Now trying to stop myself from obsessing over ACB’s criticism of KBJ while saying nothing still about her criminally compromised Conservative colleagues.
Right!?! She’s sitting next to the jurisprudence equivalent of rapists and murderers, and she’s criticizing KBJ’s table etiquette.
She’s tone policing a fellow Justice. Hmm.
Pretty soon, that will be the number one result for a Google search, and then people will start to believe that it’s not a Constitutional Amendment, just a ‘custom’, and thus can be changed without fanfare.
Crosspost to Fall of the Fourth Estate? Because that is some journalistic malpractice right there.
Congress debated whether the citizenship clause of the 14A was even necessary, because birthright citizenship was already a given, and once slavery was abolished, there would be no legal reason to exclude former enslaved people.
Except the Dred Scot decision was still, technically, good law as it hadn’t been overturned. The 14th Amendment effectively overturned the Dred Scot decision, among other things. And arguably the most important other thing was extending due process protections to the states. At the time, most of the Bill of Rights only constrained the federal government from violating people’s rights, not the state government.

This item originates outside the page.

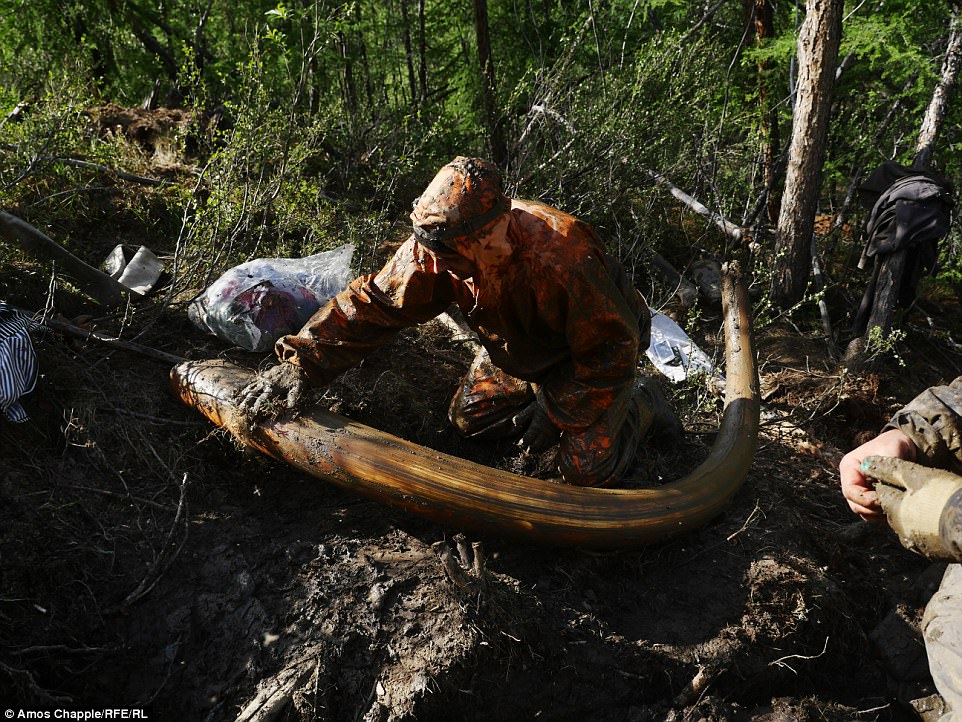 Ruskí pytliaci lovia kly mamutov a nosorožcov na Sibiri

It’s not “despite”SCOTUS’s ruling. It’s consistent with it, as they explicitly said a class action suit would be the way to protect everyone.
Reuters is getting roasted in the comments for that stupid headline, including by Ken White.
Good. They should be getting roasted. That’s an egregiously bad take.
I think they mean the “longstanding custom” of respecting the Constitution. No worries, that is on the way out as we speak.
Justice Jackson on writing dissents: “I’m not afraid to use my voice”
https://www.axios.com/2025/07/11/justice-ketanji-brown-jackson-democracy-dissents
Good! Somebody needs to speak up about the corruption on the right in the court and how it warps the court’s decisions.
Another day, another instance of “what the actual fuck?”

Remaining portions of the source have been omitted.